Give back the exact lines of the material below from the one containing "Blue and black" through the one containing "Juego de pinzas", and no pictures.

(INPUT FOR THIS TASK)

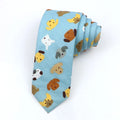 Korean style narrow cotton bow tie with printed cartoon pattern in various colour options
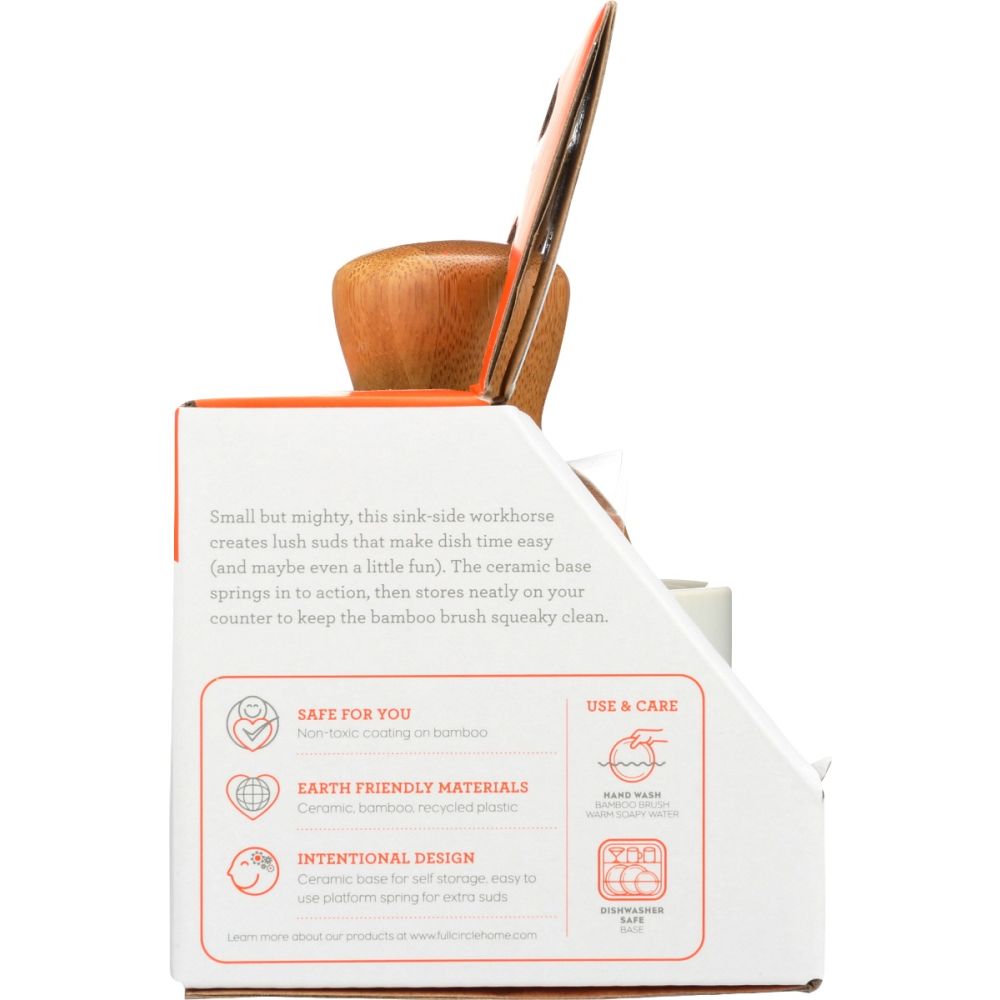 FULL CIRCLE HOME: Bubble Up Dish Brush and Ceramic Dish, 1 ea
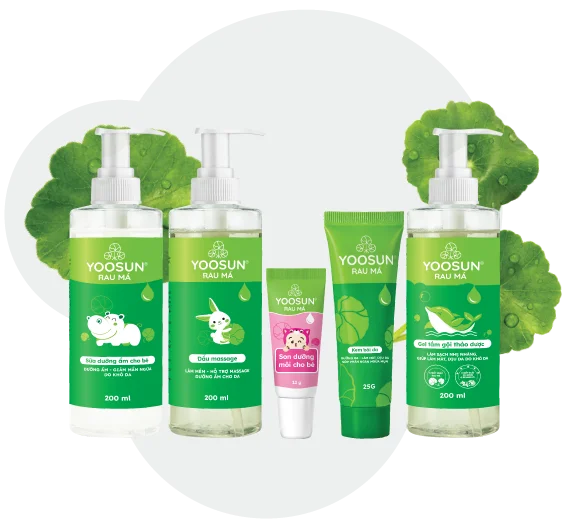 Hình ảnh bộ sản phẩm thương hiệu yoosun rau má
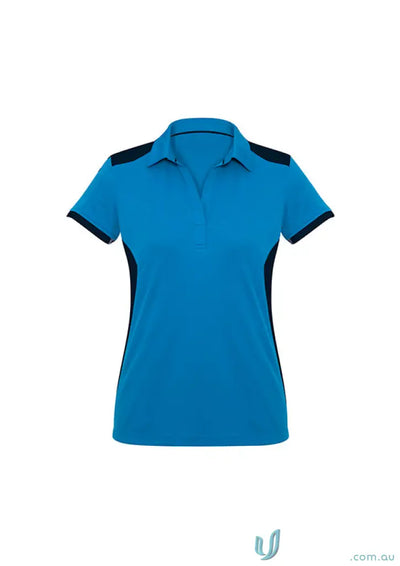 Blue and black women’s polo shirt with contrast sleeves and y-line placket, modern fit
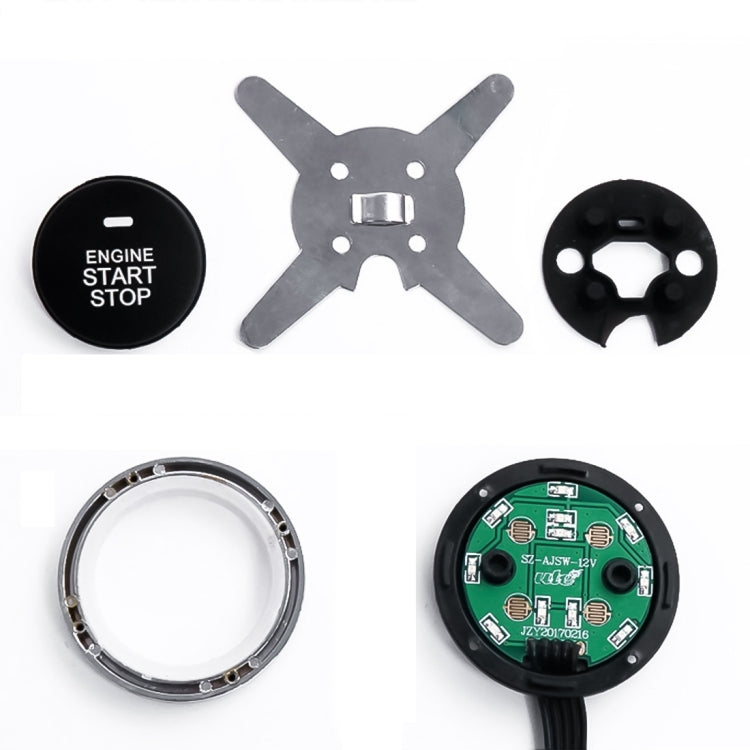 Smart Car Switch Car Engine Start Stop Switch Car Push Start Switch, with RFID Alarm System, Blue Light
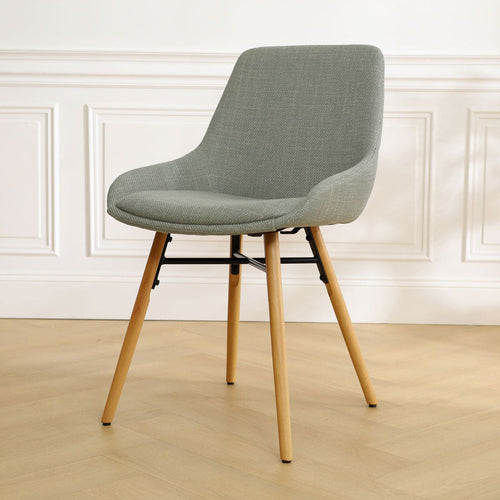 Nolon Nena-Isa Eetkamerstoel Saliegroen - Stof - Houten Poten - vtwonen shop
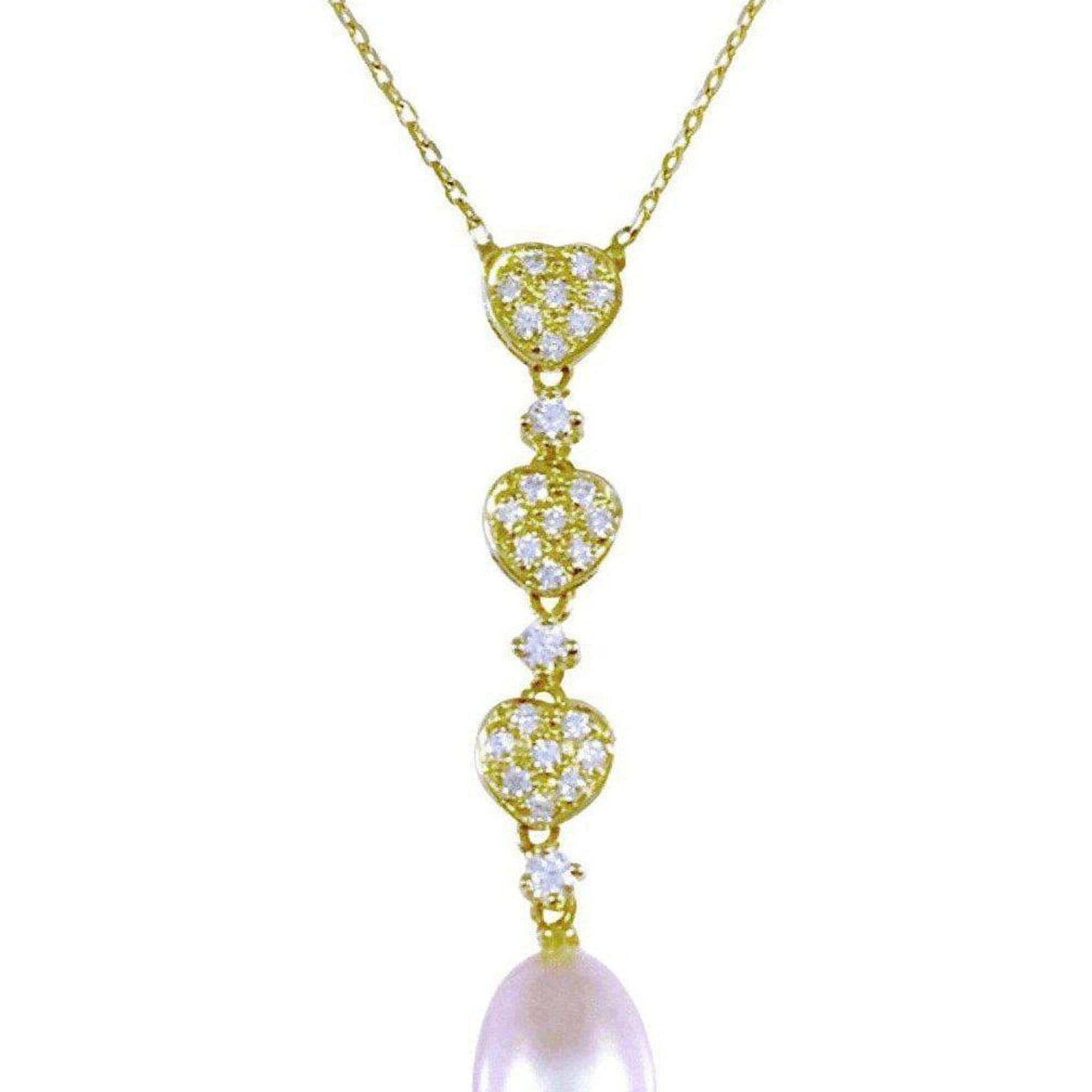 Pearl and Diamond Pendant on a 16" Chain in 18kt Yellow Gold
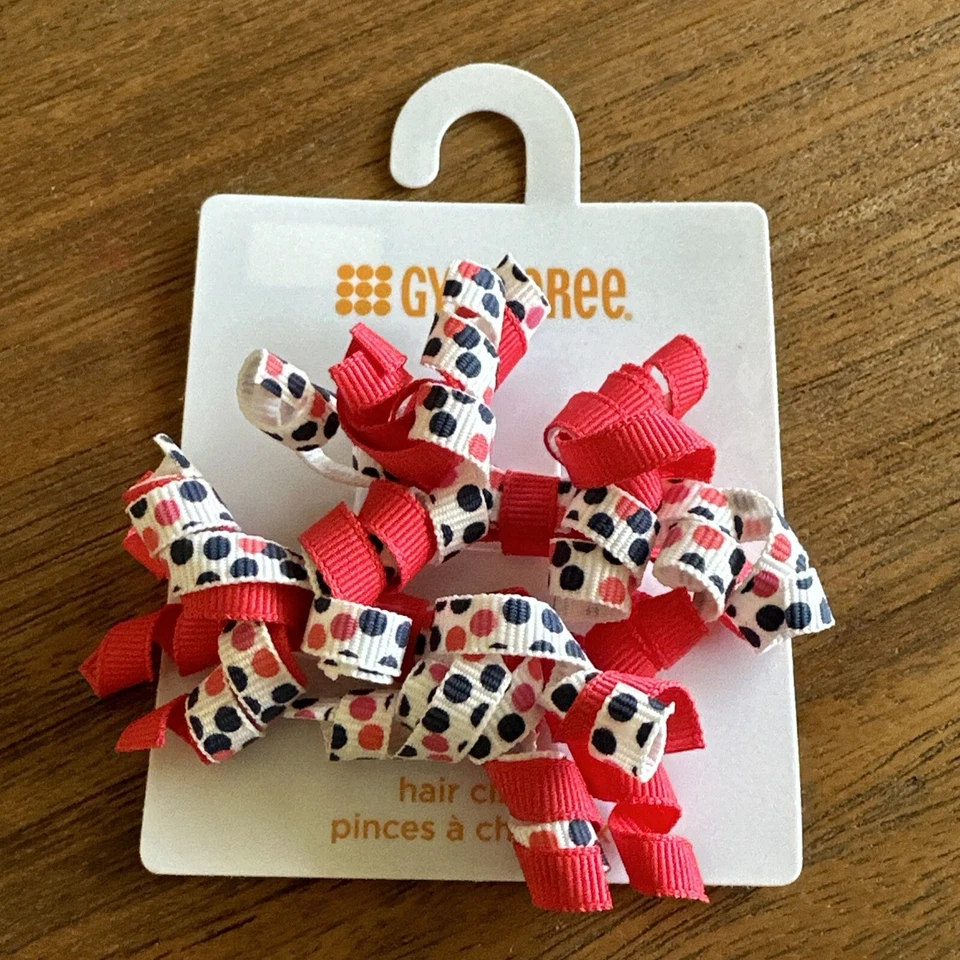 Juego de pinzas para el cabello Gymboree 4 de julio rizadas rizadas para niña fiesta verano Foto 4 de 4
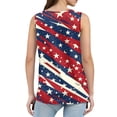 thumbnail image 4 of Women's Patriotic American Flag Tank Top Sleeveless Casual Summer Shirt for Independence Day & Everyday Wear Watermelon Red XXL, 4 of 4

(End INPUT FOR THIS TASK)

* _WRITTEN ANSWER_:
 Blue and black women’s polo shirt with contrast sleeves and y-line placket, modern fit
 Smart Car Switch Car Engine Start Stop Switch Car Push Start Switch, with RFID Alarm System, Blue Light
 Nolon Nena-Isa Eetkamerstoel Saliegroen - Stof - Houten Poten - vtwonen shop
 Pearl and Diamond Pendant on a 16" Chain in 18kt Yellow Gold
 Juego de pinzas para el cabello Gymboree 4 de julio rizadas rizadas para niña fiesta verano Foto 4 de 4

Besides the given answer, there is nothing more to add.